Previous Topic: Windows Endpoint Known IssuesNext Topic: UNAB Known Issues


UNIX Endpoint Known Issues

This section describes known issues for CA ControlMinder for UNIX.

CAWIN Installation Requires Ncurses

Valid on Linux 64-bit Server

Install Ncurses 32-bit before installing CAWIN on Linux 64-bit servers.

Failed Login Events Not Audited When serevu Daemon Running

Valid on VMware vCenter 4.0 u2

When CA ControlMinder is installed on VMware vCenter version 4.0 u2, the following occurs when the serevu daemon is running:

To work around this issue, do the following:

  1. Stop all CA ControlMinder daemons.
  2. Navigate to the following directory:
    /etc/pam.d/
    
  3. Edit the system-auth file to remove all references to pam_seos.so. For example:
    account required pam_per_user.so /etc/pam.d/login.map
    auth required pam_per_user.so /etc/pam.d/login.map
    password required pam_per_user.so /etc/pam.d/login.map
    session required pam_per_user.so /etc/pam.d/login.map
    
  4. Edit the system-auth-generic file to add reference to pam_seos.so. For example:
    password  sufficient  pam_seos.so
    auth       optional     pam_seos.so
    account    optional     pam_seos.so
    session    optional     pam_seos.so
    
  5. Edit the system-auth-local file to add references to pam_seos.so. For example:
    password  sufficient  pam_seos.so
    auth       optional     pam_seos.so
    account    optional     pam_seos.so
    session    optional     pam_seos.so
    
  6. Save and close the files.
  7. Start CA ControlMinder daemons.
Cannot Configure JBoss JDBC Password Consumer on Linux

Valid on Linux

Currently, you cannot configure a JBoss JDBC password consumer on LInux.
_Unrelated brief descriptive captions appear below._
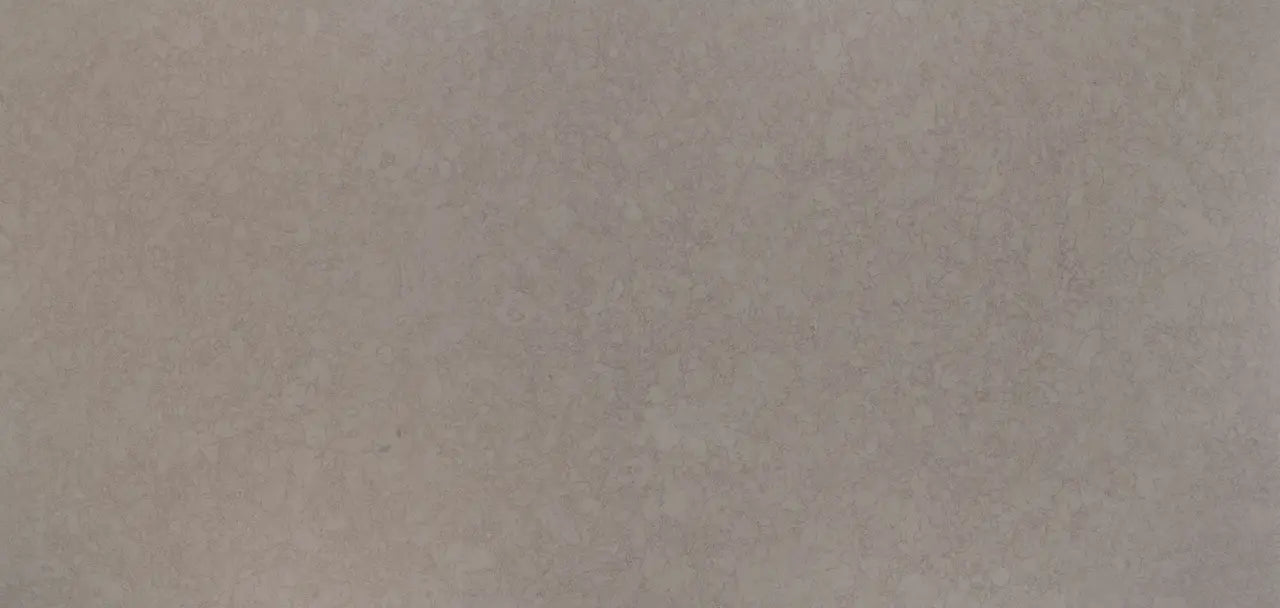 Brookvale Countertops - Shop at Home Craft Studio - 2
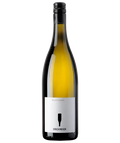 Müller-Thurgau 2022
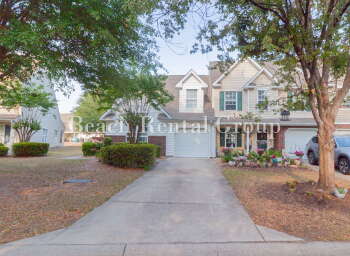 1057 STANTON PLACE , MYRTLE BEACH,  29579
Log in to CA ControlMinder Requires PAM_Login Flag Enabled

Valid on AIX

If the PAM_login flag is not enabled, CA ControlMinder cannot detect the Active Directory user account correctly.

To work around this problem, enable the PAM_login flag in the log in program (LOGINAPPL) you set. Verify that seosd daemon accepts log in requests from PAM modules by setting the PamPassUserInfo token to 1 in seos.ini under the [pam_seos] section.

You can use the following command to set the login flags:

er LOGINAPPL SSH loginflags(pamlogin)
User Sessions Are Not Logged when Default Shell Is Not Defined in /etc/shells

Valid for Keyboard Logger

CA ControlMinder does not record user sessions when a user logs in with a shell that is not defined in /etc/shells.

When PAM is Active segrace Is Not Called for FTP and SSH Grace Login

When PAM is activated, segrace is not called automatically for a grace login to FTP and SSH services.

To work around this issue on FTP, change the value of the LOGINFLAGS property to nograce in the LOGINAPPL record for the FTP service.

To work around this issue on SSH, do not call segrace from PAM. Instead, call segrace from the user or operating system startup script.

CA ControlMinder Does Not Reset Passwords Once the Grace Period Expires

Valid on HPUX, and AIX

If UNAB is installed on the CA ControlMinder endpoint, CA ControlMinder PAM does not invoke the 'sepass' utility to reset the account password when the user password grace period expires.

This problem affects login applications that use loginflags(pamlogin), for example, SSH login, rlogin, FTP, and Telnet. SSH login is not recognized as a login action by CA ControlMinder on HPUX and AIX. To work around this problem, use loginflags(none) for SSH login applications.

Run the following command to set the token:

er LOGINAPPL SSH loginflags(none)
Solaris Network Event Bypass Does Not Work for Some Processes

CA ControlMinder on Solaris does not bypass network events (bypass type PBN of SPECIALPGM records) for processes that start before CA ControlMinder starts.

Stat Interception Calls Not Supported on AIX Systems

File access check on a stat system call with the STAT_intercept token set to “1” is not supported on AIX systems.